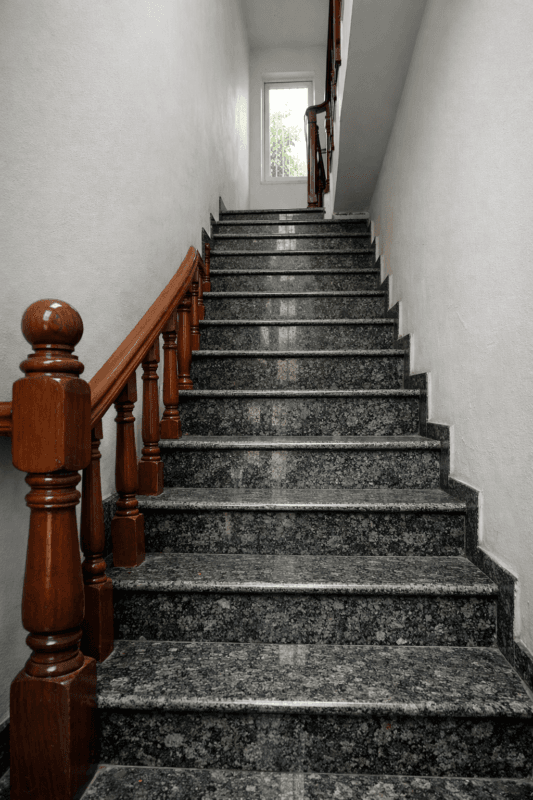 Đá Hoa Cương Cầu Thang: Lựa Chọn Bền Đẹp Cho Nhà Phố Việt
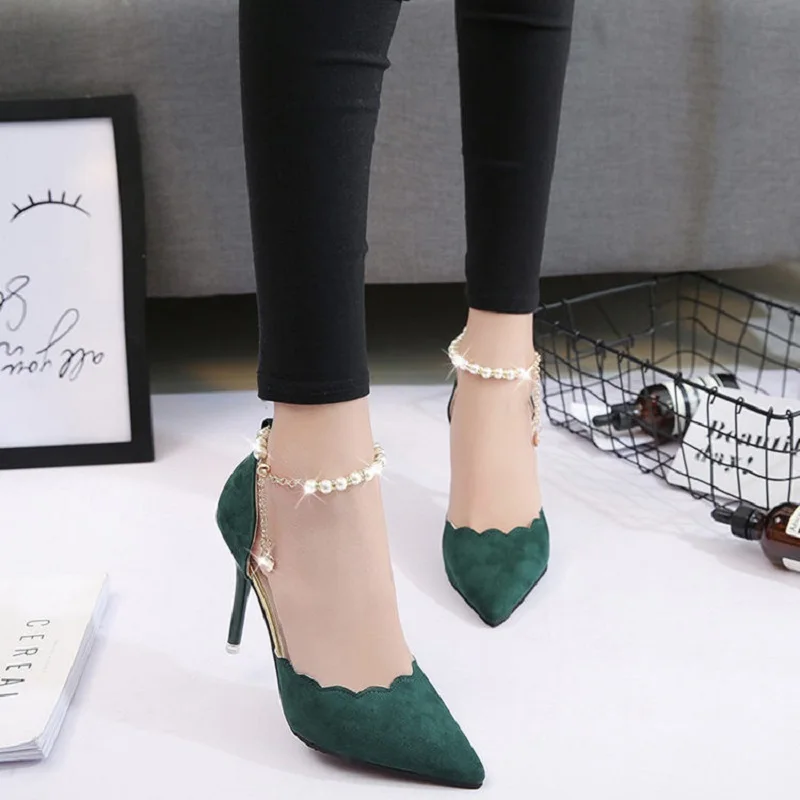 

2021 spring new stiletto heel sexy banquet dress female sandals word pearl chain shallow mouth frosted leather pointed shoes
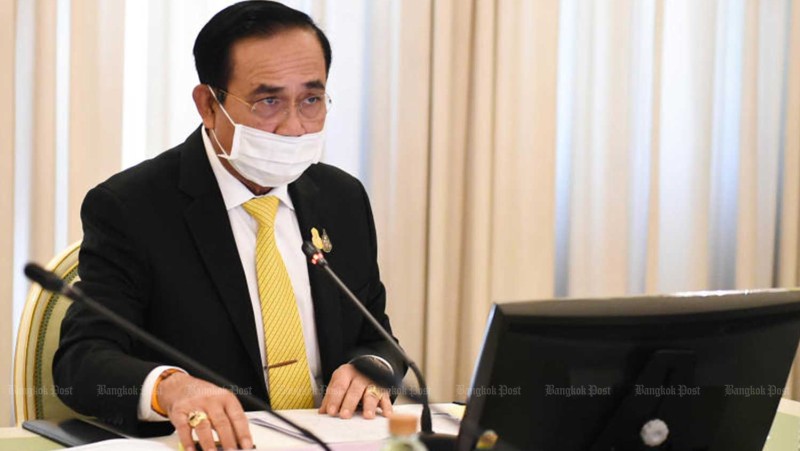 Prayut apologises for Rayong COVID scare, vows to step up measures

## [WHAT YOU WILL DO]
Without copying any picture, repeat the full listing above word for word.

## [ANSWER TO THIS EXERCISE]
 Đá Hoa Cương Cầu Thang: Lựa Chọn Bền Đẹp Cho Nhà Phố Việt

2021 spring new stiletto heel sexy banquet dress female sandals word pearl chain shallow mouth frosted leather pointed shoes
 Prayut apologises for Rayong COVID scare, vows to step up measures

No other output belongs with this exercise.